§ **INSTRUCTIONS TO FOLLOW**
Nothing but the lines from the one containing "May include: A" through the last line of the data below should be returned, each exactly as it stands, pictures excluded.

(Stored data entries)
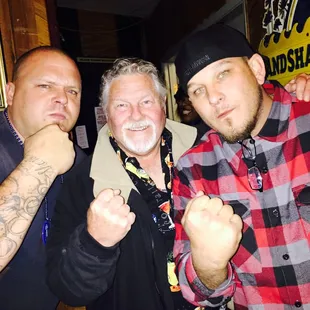 three men posing for a picture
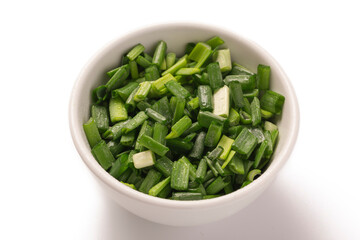Green onion feathers chopped in a bowl isolated on white background, close up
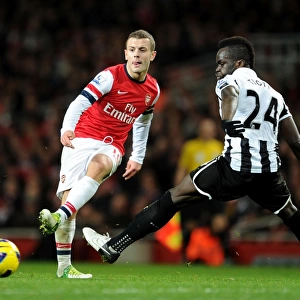 Arsenal's Jack Wilshere Fends Off Newcastle's Cheick Tiote: A Battle in the Midfield, December 2012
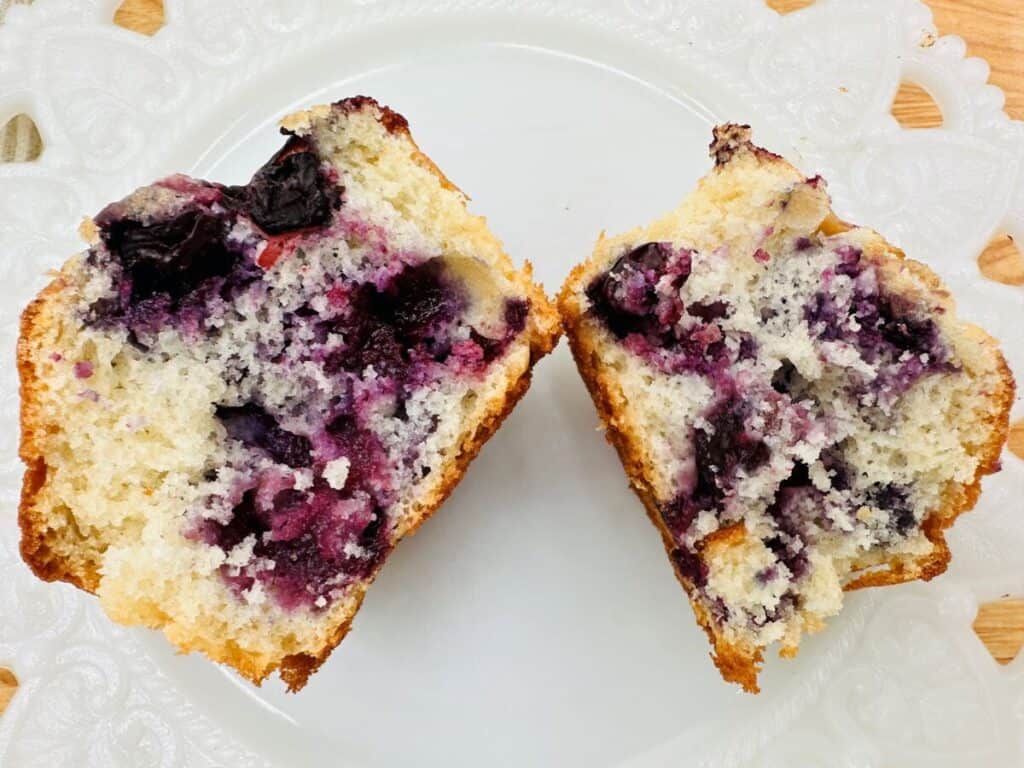 Image shows delicious blueberry buttermilk muffin.
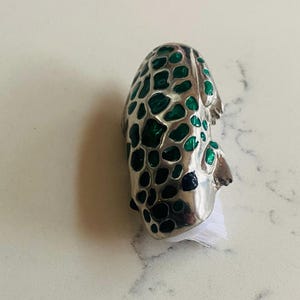May include: A silver bottle stopper with a distinctive design. It features a pattern of irregular shapes filled with green enamel, resembling leopard spots. The stopper has a white base. A decorative item.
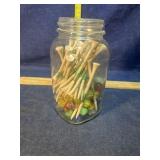 Golf tees and marbles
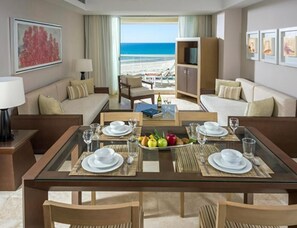 Ein Hotelzimmer mit Esstisch für vier Personen, einer Couch, einem Fernseher und Blick auf den Strand.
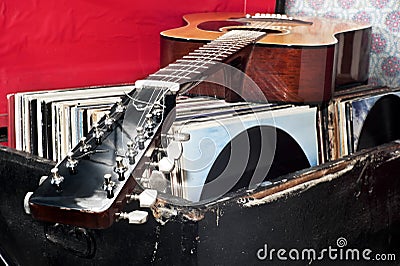 Guitar on a trunk full of old vinyl records Stock Photo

§ **ANSWER BOX**
May include: A silver bottle stopper with a distinctive design. It features a pattern of irregular shapes filled with green enamel, resembling leopard spots. The stopper has a white base. A decorative item.
 Golf tees and marbles
 Ein Hotelzimmer mit Esstisch für vier Personen, einer Couch, einem Fernseher und Blick auf den Strand.
 Guitar on a trunk full of old vinyl records Stock Photo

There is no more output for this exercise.